MMSR

Report

Link to report: https://www.overleaf.com/read/hjvjcvffndyf

WebApplication

App: https://mmsr-app.vercel.app

Code: https://github.com/Eduardo0697/mmsr_app

Implementation of API with limited resources in server

Code: https://github.com/Eduardo0697/api-mmsr

Files included

File	Description
`./project/main.py`	API developed for the implementation of the project
`./project/files.py`	Contains the variables that have the reference to the datasets files. Also If you want to run the project from zero, to generate the top ids while doing queries on the API change the first variable to `USE_COMPLETE_DATASETS = False`
`./project/functions.py`	Contains the developed functions to solve the task
`./project/ComputationTopIds_Individual_and_Fusioned.ipynb`	Implementation of the computation of the top 100 ids for each of the individual features, early fusion of selected features without PCA, and implementation of Borda count for late fusion.
`./project/EvaluationMetrics-.ipynb`	Contains the implementation of the functions to calculate the MAP, MRR, NDCG and Kendall Tau correlation, Popularity Bias, Hubness. And the generation of the Precision/Recall plots.
`./project/StatisticalDataAnalysis.ipynb`	Contains the statistical data analysis
`/project/LateFusion.ipynb`	Implementation of LateFusion, different methods in all the features
`./project/LateFusion-TestSelectedFeatures.ipynb`	Contains the late fusion weighted sum with selected features
`./project/EarlyFusion.ipynb`	Contains the implementation of early fusion of the features with PCA

Todo

Download the datasets if you don't want to run all the simulation from 0. Follow the instructions in the section "Data generated from the tasks".
Include the datasets provided for the task.

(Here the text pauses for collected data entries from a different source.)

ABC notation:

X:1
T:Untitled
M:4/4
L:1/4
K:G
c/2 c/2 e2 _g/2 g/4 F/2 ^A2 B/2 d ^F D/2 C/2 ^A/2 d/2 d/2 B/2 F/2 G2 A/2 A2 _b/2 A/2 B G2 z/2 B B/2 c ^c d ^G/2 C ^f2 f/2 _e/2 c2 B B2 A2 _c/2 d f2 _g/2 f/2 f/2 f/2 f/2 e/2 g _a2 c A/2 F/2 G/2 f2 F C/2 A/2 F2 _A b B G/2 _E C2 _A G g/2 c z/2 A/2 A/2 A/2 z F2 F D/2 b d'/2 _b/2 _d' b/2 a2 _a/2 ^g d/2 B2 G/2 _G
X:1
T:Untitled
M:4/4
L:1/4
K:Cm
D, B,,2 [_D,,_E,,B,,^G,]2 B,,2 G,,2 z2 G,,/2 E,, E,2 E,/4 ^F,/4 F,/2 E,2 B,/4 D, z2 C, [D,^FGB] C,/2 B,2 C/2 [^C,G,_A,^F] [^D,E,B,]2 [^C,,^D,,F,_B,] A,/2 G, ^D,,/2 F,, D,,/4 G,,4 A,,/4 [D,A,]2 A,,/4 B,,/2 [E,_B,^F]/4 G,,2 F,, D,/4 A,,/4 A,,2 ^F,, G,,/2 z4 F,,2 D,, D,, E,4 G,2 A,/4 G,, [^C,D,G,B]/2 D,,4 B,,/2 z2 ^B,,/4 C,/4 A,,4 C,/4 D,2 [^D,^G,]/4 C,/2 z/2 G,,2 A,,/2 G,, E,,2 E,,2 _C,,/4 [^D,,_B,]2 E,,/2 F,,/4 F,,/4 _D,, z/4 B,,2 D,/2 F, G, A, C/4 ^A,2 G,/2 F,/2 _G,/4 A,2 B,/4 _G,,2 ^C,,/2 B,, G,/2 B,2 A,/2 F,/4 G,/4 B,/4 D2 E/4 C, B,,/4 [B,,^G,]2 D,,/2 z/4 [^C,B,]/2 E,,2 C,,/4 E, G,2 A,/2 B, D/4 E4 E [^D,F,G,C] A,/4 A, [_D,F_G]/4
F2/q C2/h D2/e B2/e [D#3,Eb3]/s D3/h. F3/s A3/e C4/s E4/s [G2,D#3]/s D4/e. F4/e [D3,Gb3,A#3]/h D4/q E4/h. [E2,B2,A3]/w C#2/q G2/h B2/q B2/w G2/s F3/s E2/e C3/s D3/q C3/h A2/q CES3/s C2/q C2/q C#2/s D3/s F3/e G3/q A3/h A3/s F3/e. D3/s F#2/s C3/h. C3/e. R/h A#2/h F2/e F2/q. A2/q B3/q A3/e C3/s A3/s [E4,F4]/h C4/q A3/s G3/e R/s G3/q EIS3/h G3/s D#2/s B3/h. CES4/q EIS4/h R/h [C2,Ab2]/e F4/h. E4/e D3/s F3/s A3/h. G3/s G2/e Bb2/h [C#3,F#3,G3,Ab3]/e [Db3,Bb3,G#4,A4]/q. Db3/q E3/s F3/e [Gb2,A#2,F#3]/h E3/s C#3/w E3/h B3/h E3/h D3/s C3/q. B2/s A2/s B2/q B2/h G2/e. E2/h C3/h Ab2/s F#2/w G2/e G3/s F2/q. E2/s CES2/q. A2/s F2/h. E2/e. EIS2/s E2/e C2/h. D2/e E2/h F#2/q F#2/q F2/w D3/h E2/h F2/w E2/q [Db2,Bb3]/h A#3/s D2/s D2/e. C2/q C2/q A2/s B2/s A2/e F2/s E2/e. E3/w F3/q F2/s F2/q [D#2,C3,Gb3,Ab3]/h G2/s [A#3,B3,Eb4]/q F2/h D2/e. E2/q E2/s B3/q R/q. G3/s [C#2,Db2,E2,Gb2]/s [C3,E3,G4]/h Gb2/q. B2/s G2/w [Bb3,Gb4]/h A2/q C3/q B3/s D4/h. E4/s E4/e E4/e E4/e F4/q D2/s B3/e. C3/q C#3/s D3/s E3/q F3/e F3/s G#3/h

For the task 1 in ./MMSR_WT22_Task1_Data/.

For the task 2 in ./task2/

Run the API

FastAPI Introduction

Install FastAPI on conda environment: conda install -c conda-forge fastapi

Start the Webserver: uvicorn main:app --reload

On standard settings the Webserver can be reached on: http://127.0.0.1:8000/docs

Possible Requests

/query/?artist=ARTIST&track=TRACK&top=NVALUE&vectorData=VECTOR&simFunction=SIMFUNC

The query parameters values should be specified as ARTIST the name of the artist, TRACK the song of the artist, NVALUE the number of songs to return as similar.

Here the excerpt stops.